Não lembro muito bem como cheguei a esse assunto mas quando falam que hoje é último dia de minha vida eu simplesmente vivo. Sem exageros ou paranoias. Em parte por não acreditar, em parte por ficar totalmente sem uma reação. A vida segue e você é um grão de areia (ou menos que isso) no universo.
A rua de casa vai ser a mesma rua, o bairro ou o churrasquinho da esquina. Aquela foto da Via Láctea com uma seta e a frase "você está aqui" em algum daqueles pontos brilhantes reflete bem isso.
Penso muito sobre as caminhadas. Não essas em prol de saúde. Pois saúde é a última coisa que busco. É muito mais fácil se destruir. Longas caminhadas.

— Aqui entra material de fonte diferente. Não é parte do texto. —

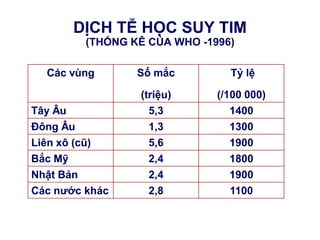 DỊCH TỄ HỌC SUY TIM
(THỐNG KÊ CỦA WHO -1996)
Các vùng Số mắc
(triệu)
Tỷ lệ
(/100 000)
Tây Âu 5,3 1400
Đông Âu 1,3 1300
Liên xô (cũ) 5,6 1900
Bắc Mỹ 2,4 1800
Nhật Bản 2,4 1900
Các nƣớc khác 2,8 1100
 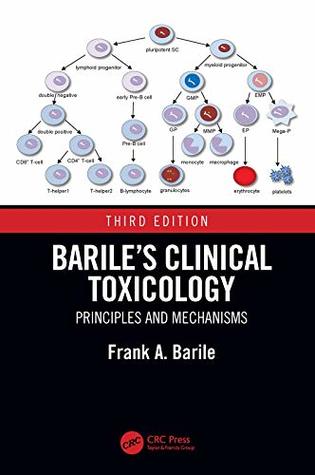 Full Download Barile’s Clinical Toxicology: Principles and Mechanisms - Frank A. Barile | PDF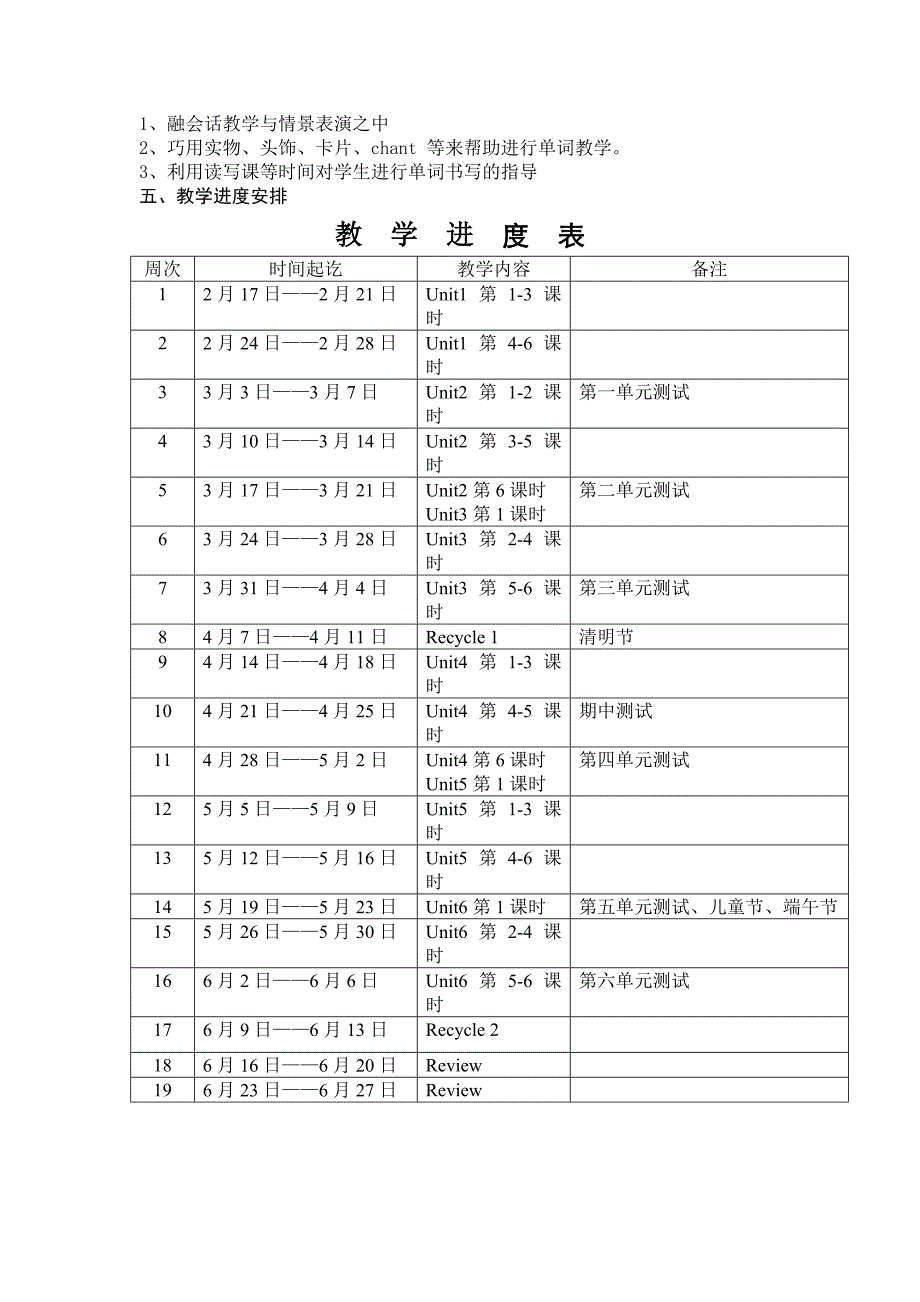 2014年新人教版版pep四年级英语下册教案(全册,51页)_第2页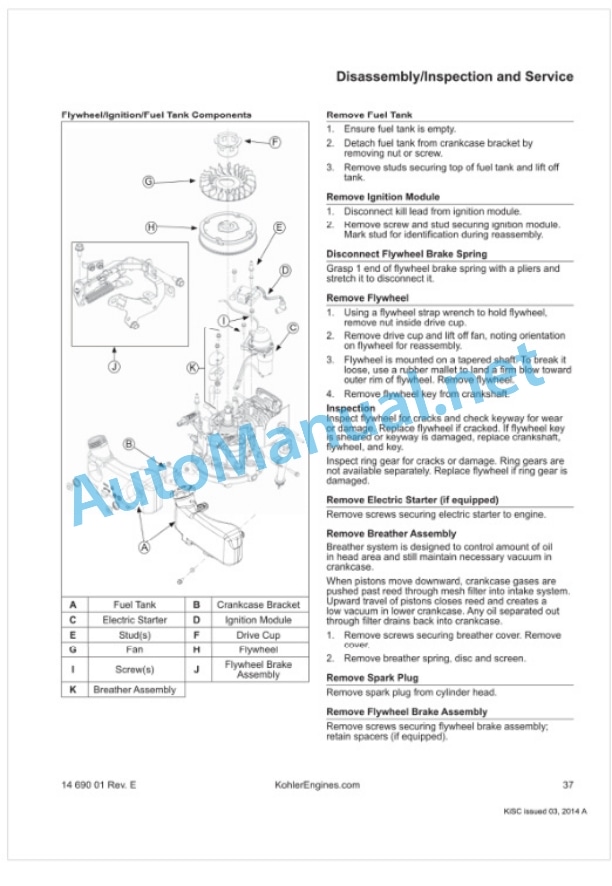 Kubota W821SC-AU, W821S-AU, W819P-AU Walk Behind Mower Workshop Manual PDF 5 Kubota W821SC-AU, W821S-AU, W819P-AU Walk Behind Mower Workshop Manual PDF-5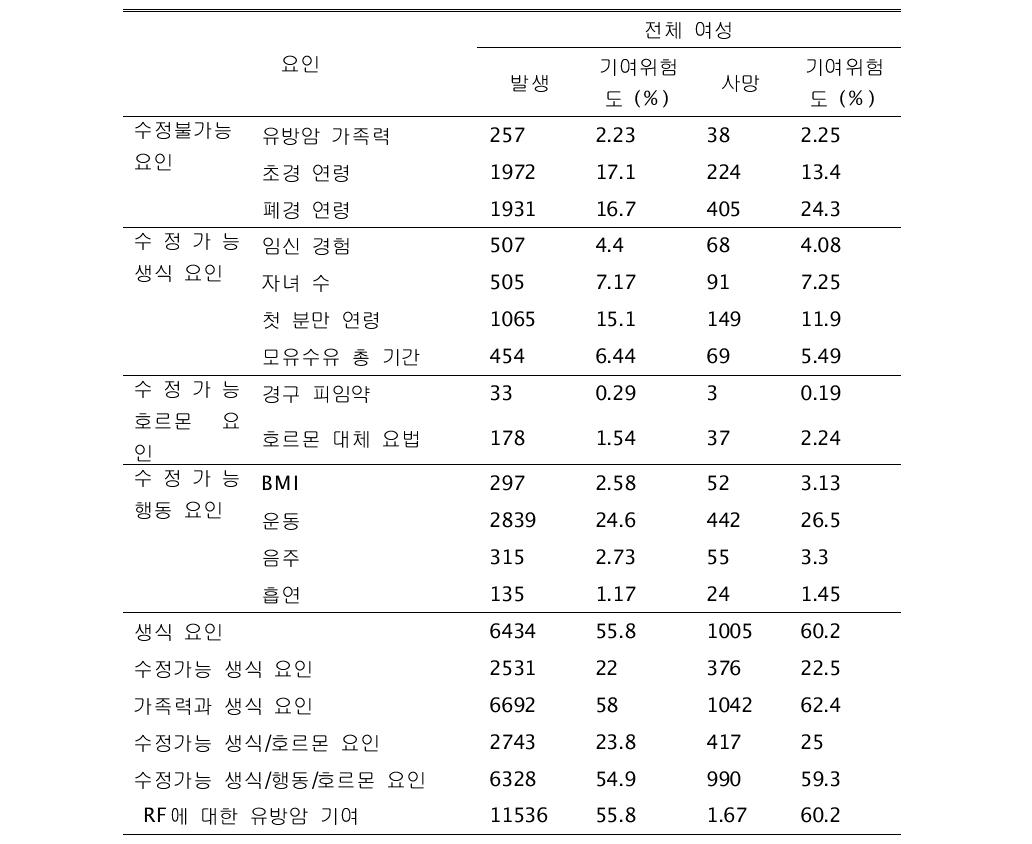 관련 위험요인이 기여하는 유방암 발생 및 사망 추정 수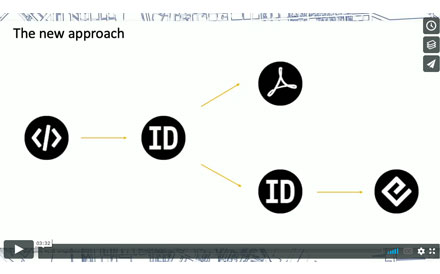 Screenshot from Marie Gollentz's EPUB Workflow presentation showing the new approach. Content XML flows into a single InDesign template, which then branches into two outputs; the first branch is PDF, the second is EPUB via InDesign.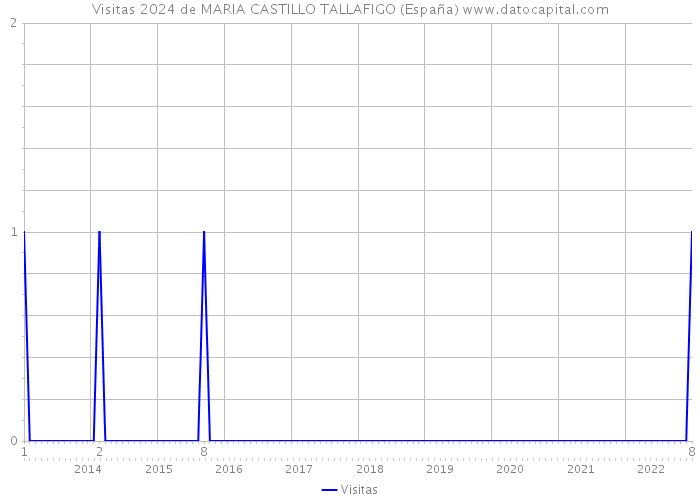 Visitas 2024 de MARIA CASTILLO TALLAFIGO (España) 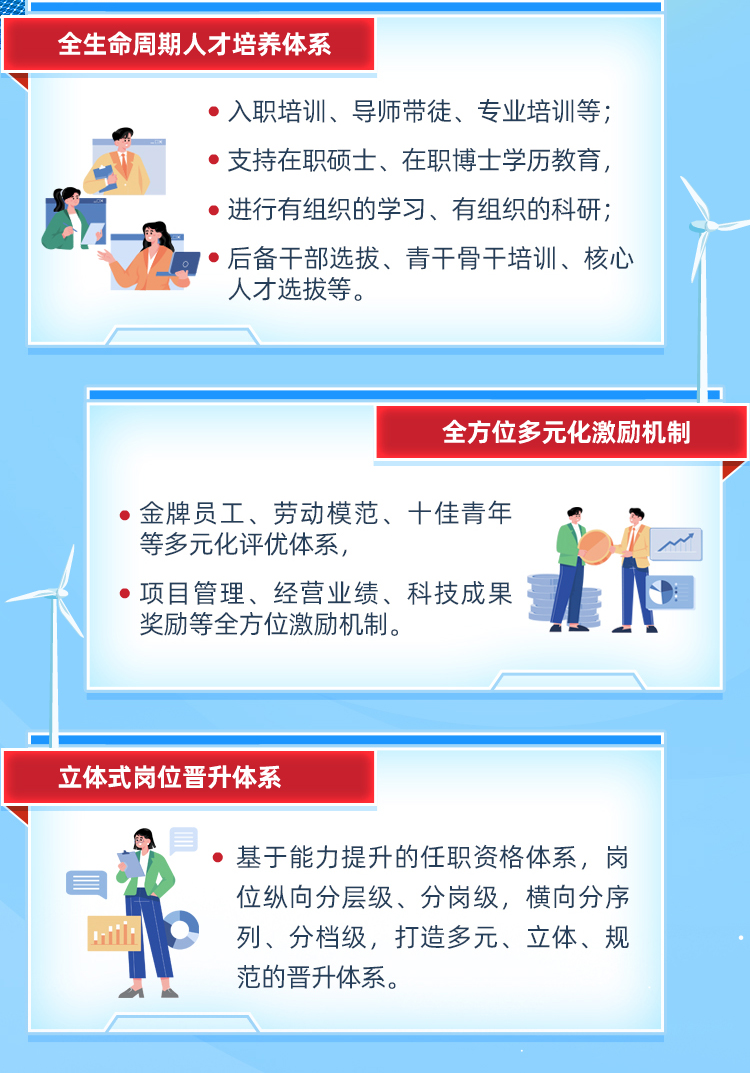 <table>
<tr><td>全生命周期人才培养体系 入职培训、导师带徒、专业培训等; 支持在职硕士、在职博士学历教育, 进行有组织的学习、有组织的科研;V 后备干部选拔、 青干骨干培训、核心人才选拔等。</td>
</tr>
<tr><td>全方位多元化激励机制,金牌员工、劳动模范、十佳青年等多元化评优体系, D4 I,项目管理、经营业绩、科技成果 号奖励等全方位激励机制。 。</td>
</tr>
<tr><td></td>
</tr>
<tr><td>立体式岗位晋升体系具基于能力提升的任职资格体系, 岗目。位纵向分层级、分岗级,横向分序n 列、分档级,打造多元、立体、规范的晋升体系。</td>
</tr>
<tr><td></td>
</tr>
</table>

Aquelas caminhadas pra economizar o dinheiro do ônibus, ou quando a possibilidade de caminhar pelo velho trilho de trem que corta aquele riacho faz todo o caminho ser mais interessante que qualquer conversa.
Caminhar até o túmulo de meu tio sempre que o coração aperta. Caminhar até o rio Branco quando preciso lembrar que a vida segue e que um dia preciso aprender a me perdoar. Um dia.
Caminhar sem preparo algum, com uma garrafa de tequila pela metade e o sol se pondo em nossas costas. Caminhar e empurrar a bicicleta junto de quem amamos. Fazer isso mil vezes. Caminhar todos os fins de semana até sua casa, fazer o caminho de coração aberto e confesso que às vezes a mente cheia demais. Caminhar pela trilha em Alto Alegre procurando aquele igarapé profundo onde nós duas íamos apenas molhar os pés por justamente não saber nadar. Nenhuma de nós duas.
Ir andando só pra almoçar junto. Ir andando porque o carro quebrou. Empurrar o carro que estava no prego. Andar de carro na velocidade de uma caminhada por causa de problemas técnicos. Te carregar nos meus ombros depois de uma tarde na escola. Apostar corrida pra ver quem abraça a mamãe primeiro.
Subir aquela serra com você. Subir a ladeira e ver o sol nascer ao chegar no topo, ao chegar na sua casa. Caminhar bêbada. Caminhar bêbada se apoiando ou sendo apoio.
Os primeiros passos.
Penso muito sobre caminhadas. A possibilidade de ir e voltar. A possibilidade de mais de um caminho. E mesmo sendo o mesmo caminho, cada caminhada será diferente. O sol, o céu, a terra e eu. Tudo muda aos pouquinhos. Num piscar de olhos ou em uma rotação completa.